‘Amazon Primed’ is a short recap of the larger stories that dominated the headlines this week surrounding everyone’s favourite cardboard abuser, Amazon. If you want the full, deep look at what Amazon is doing every week, subscribe to ‘What Did Amazon Do This Week ‘ newsletter (called ‘Obsessive…in the very best way.”).
Proving utility wins over ethics yet again, Amazon’s reputation is steady (down to #2 from #1), which, as Axios points out could be because of the company people perceive Amazon is:
…because customers hold a different set of expectations for what is essentially a store, compared to a platform like Facebook or Google where people mingle, share and argue.
A fair assessment but this does show a lack of consumer awareness or willingness to acknowledge the cons (as well as the pros) of the behemoth. Amazon, in some respects, looks like it can do no wrong, especially in the UK with new figures showing that 15 million Brits (roughly 1:5) are Amazon Prime subscribers and 84% of the population used at least one of Amazon’s services in 2018. Tamebay asked Nick Carroll, Associate Director of Retail, Mintel why this is important:
While most consumers already shop with Amazon, the retailer continues to gain market share by increasing the number of Prime members. That’s because Prime members buy significantly more, and across a broader number of categories, than non-members. This is why Amazon continues to add to the list of Prime-exclusive services, with Premier League matches coming in the second half of this year. Regardless of the reasons people join Prime – there is a net benefit for the retail side of the business.
Two broad issues for Amazon this week if the moves take off namely regulation and taxes. France took a stand against large tax companies avoiding paying tax with a sweeping 3% across the board, while not the first to do so (in October 2018 the UK announced plans to push a 2% tax in 2020, Spain and Italy also have similar plans), it is the first implemented. The tax applies to any company that generate worldwide revenues of at least 750 million euros ($847 million) on digital services with at least 25 million euros ($28 million) within France itself. Expect more lobbying from Amazon in and around the EU. The company spent a record amount last year on changing the right people’s minds on issues – $14.2m according to a beautiful piece from Bloomberg. Who you ask? Not just politicians…:
Lately, Bezos has been busy courting Washington’s elite. In September he roused an audience at the Economic Club of Washington with jokes and commentary about Trump and the role of the Post in a democracy. In late January he attended an 8 a.m. breakfast at the invitation of Don Graham, the former Washington Post owner, to hear billionaire investor Warren Buffett and former Federal Reserve chief Alan Greenspan talk about markets and the economy.

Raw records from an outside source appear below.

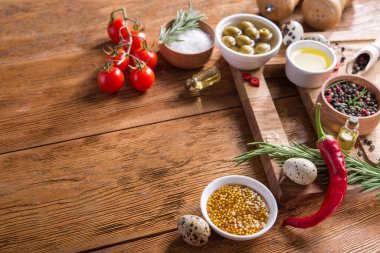 Taze salata malzemeleri (tuz, biber, zeytin, domates, biberiye, yağ) ahşap bir masa üzerinde kesme tahtasıyla birlikte. metin için boşluk kopyala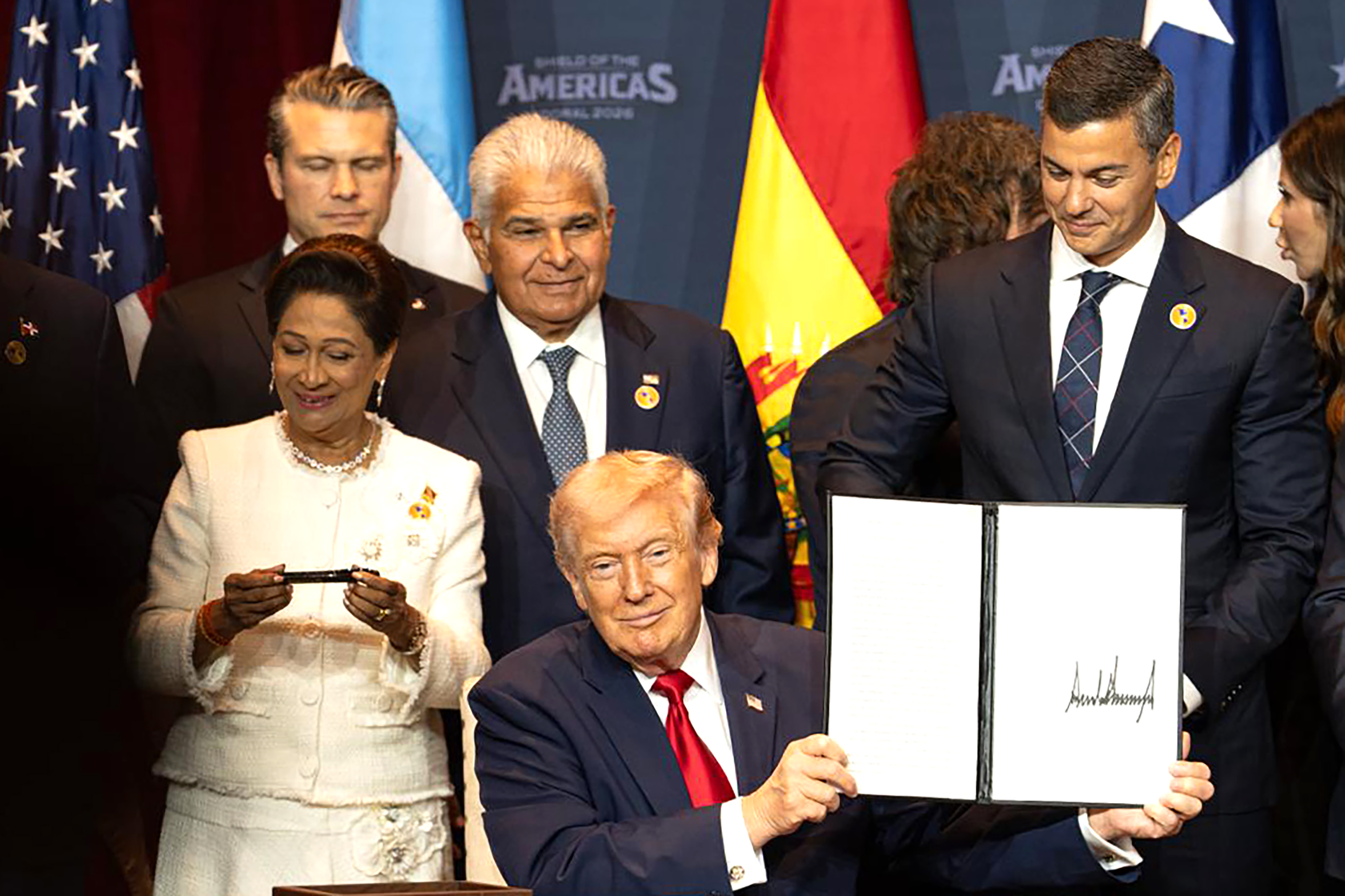 AME1495. MIAMI (ESTADOS UNIDOS), 07/03/2026.- Fotografía cedida por la Presidencia de Paraguay que muestra al presidente de Estados Unidos, Donald Trump (c), sosteniendo un documento junato al presidente de Paraguay, Santiago Peña (i), la primera ministra de Trinidad y Tobago, Kamla Persad-Bissessar (i), y el presidente de Panamá José Raúl Mulino (c-arriba), este sábado, en Miami (EE.UU.). Trump anunció una nueva "coalición militar" en Latinoamérica contra los carteles del narcotráfico, durante la cumbre 'Escudo de las Américas' con líderes de derecha de la región, a quienes dijo que necesita su "ayuda". EFE/ Presidencia de Paraguay /SOLO USO EDITORIAL/NO VENTAS/SOLO DISPONIBLE PARA ILUSTRAR LA NOTICIA QUE ACOMPAÑA (CRÉDITO OBLIGATORIO)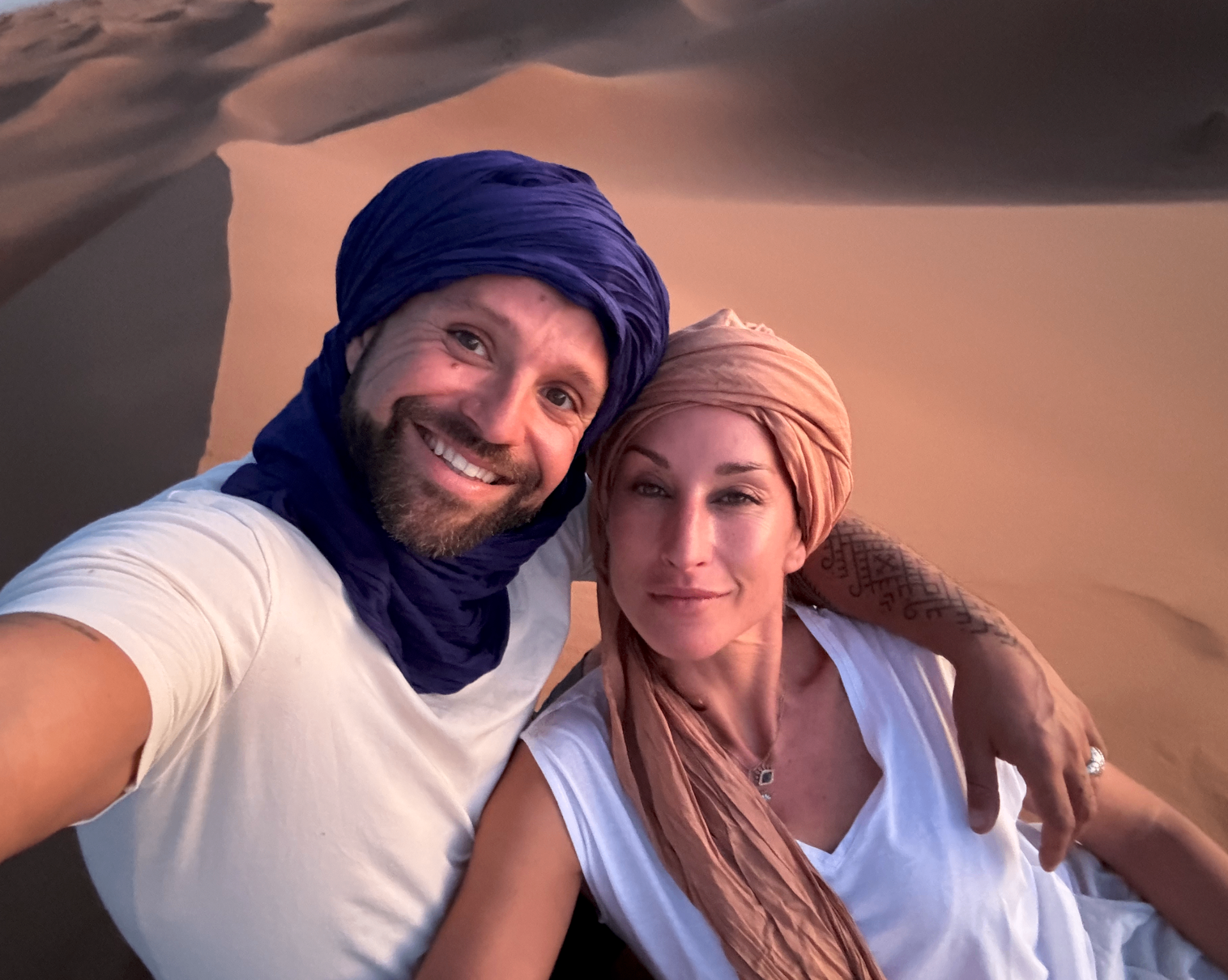 Emmanuel and Melissa walking in the desert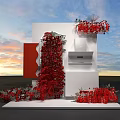Creative White Cube Art Installation With Red Floral Decor And Sunset Sky Backdrop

The day before, he’d entertained guests at the exclusive Alfalfa Club dinner, an invitation-only, black-tie soiree for politicians, diplomats, and corporate executives. Buffett and Greenspan were both there. Bezos closed out the evening with a skit in which he rolled a cart onstage carrying Amazon packages, one of which, he announced, contained the “superheroes of the Bible” pajamas that Vice President Mike Pence had ordered. Another was a DVD of “How to Survive the Coming Global Depression” for Federal Reserve Chairman Jerome Powell. Then he said, “Oh, wait. This one’s for me. It’s a bill of sale saying apparently I now own the National Enquirer.”
Philidelphia stood up to Amazon this week by banning cashless stores (aka Amazon Go), showing that it is possible to make a small but significant change to slow big business. If this practice inspires others, Amazon could have a problem as it looks to push cashless stores around the US and the world. Quick and practical, the legislation could be a carrot or a stick depending on how people choose to wield it. Again, expect Amazon to lobby more in this area to avoid a trend forming. Ars Technica has more, including a good argument for keeping cash stores;
Supporters of the new law, however, say that not accepting cash hurts poorer residents who may not be able to afford or qualify for a credit card or who want to avoid fees that come with changing cash into a prepaid debit card. Additionally, privacy advocates say that being forced to use a digital form of payment to buy things is a de facto requirement to share records of their purchases with third-party companies.